I hope that Wojciech Balczun will be able to do what he did in Poland. Definitely, we have to complete the corporatization of Ukrzaliznytsia. This year, it is necessary to pass the law on rail transport and the law on the National Transport Regulation Commission. There should be increased responsibility for managers in the following areas: freight transportation, passenger transportation, etc. We need to begin serious work on modernization of locomotive traction and railway infrastructure. Without this, it will be all over for us in two years. At least, we need a clear five-year program, together with attraction of the world’s strategic manufacturers to Ukraine to establish joint production. There is desire on the part of Bombardier, Siemens, and General Electric to come here to launch joint production, but they are demanding to know the exact extent to which Ukrzaliznytsia is ready to place orders for products. In addition, private operators will be able to enter the market after adoption of the law on rail transport, thus providing some relief to Ukrzaliznytsia.
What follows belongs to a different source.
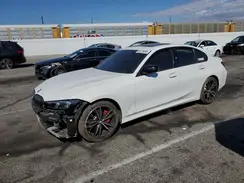 3MW69FF05P8D61506 2023 BMW 3ER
You said that the world’s leading manufacturers of locomotives were ready to launch joint ventures in Ukraine. In addition to guaranteed orders, under what conditions are they ready to do so? Who will provide the funds?

I hope that freight transport tariffs will be raised on 1 May. We have already passed all the stages of approval. As a result, Ukrzaliznytsia will be able to spend more than UAH 10 billion on capital investments, some of which will be spent on modernization. I will demand a clear action program from Balczun: how many locomotives need to be purchased this year and how many next year... In addition, we already have an approved loan of USD 90 million for purchase of railcars. There was a paradoxical situation during our visit to Iran: on the one hand, we are screaming that we want to deliver our products and, on the other hand, when they tell us that they are willing to buy 20,000-30,000 railcars we "quacked and sat down." This is because we do not have the capacities, people, and equipment to fulfill such a large order. When we talk to our producers, we tell them that, firstly, they must participate in Ukrzaliznytsia’s tenders directly and not through intermediaries that add 300-400%markups. Secondly, with our help and the help of the Ministry of Economy, they must enter foreign markets actively. There is no need to engage in gigantomania by thinking that only our country can produce airplanes, railcars, etc. The whole world is a big assembly plant. We can easily produce components and supply them to manufacturers.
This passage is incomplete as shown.